Benchmark¶
Per-step wall time of the Lennard-Jones Langevin droplet example across droplet sizes, for the full cross-product of device (CPU / GPU), neighbour list and kernels (Warp / array (NumPy/CuPy) / JAX / C++). Lower is better. The neighbour-list backends are:
- matscipy-neighbours — this library (
matscipy_neighbours), CPU + GPU; - matscipy 1.2.0 — the classic
matscipypackage'sneighbour_list, the CPU reference this library descends from; - vesin —
vesin, CPU + GPU.
Test machine
- CPU: Intel(R) Core(TM) Ultra 7 356H (16 logical cores)

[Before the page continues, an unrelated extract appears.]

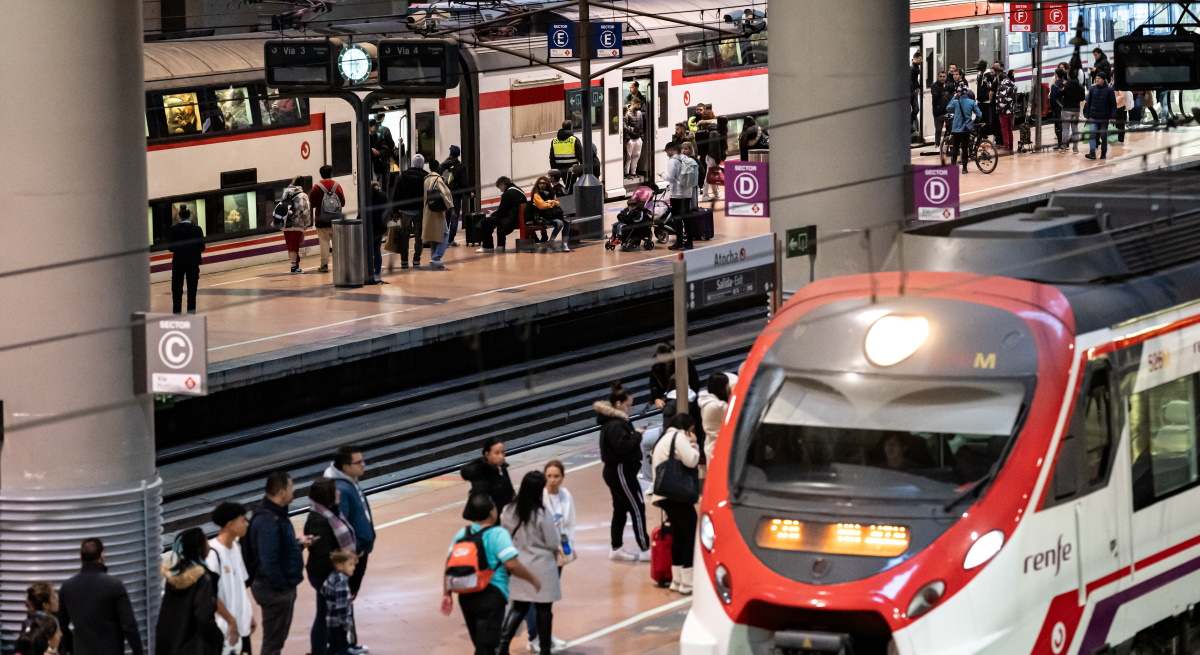 Una fotografía de recurso de la estación de Atocha.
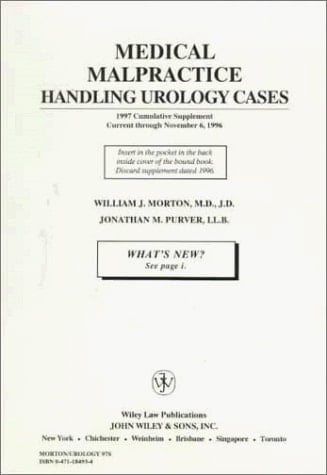 Handling Urology Cases 1997 Cumulative Supplement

- GPU: NVIDIA RTX PRO 500 Blackwell Generation Laptop GPU
CPU threading
On the CPU the matscipy-neighbours list is benchmarked both
single-threaded (OMP_NUM_THREADS=1, the (1t) rows) and
multi-threaded (all 16 logical cores, the (mt) rows). The C++
force loop is OpenMP-parallel and follows the same setting; the Warp and
array kernels and the JAX backend use their own threading. The classic
matscipy 1.2.0 and vesin CPU lists are single-threaded. The GPU rows
are unaffected.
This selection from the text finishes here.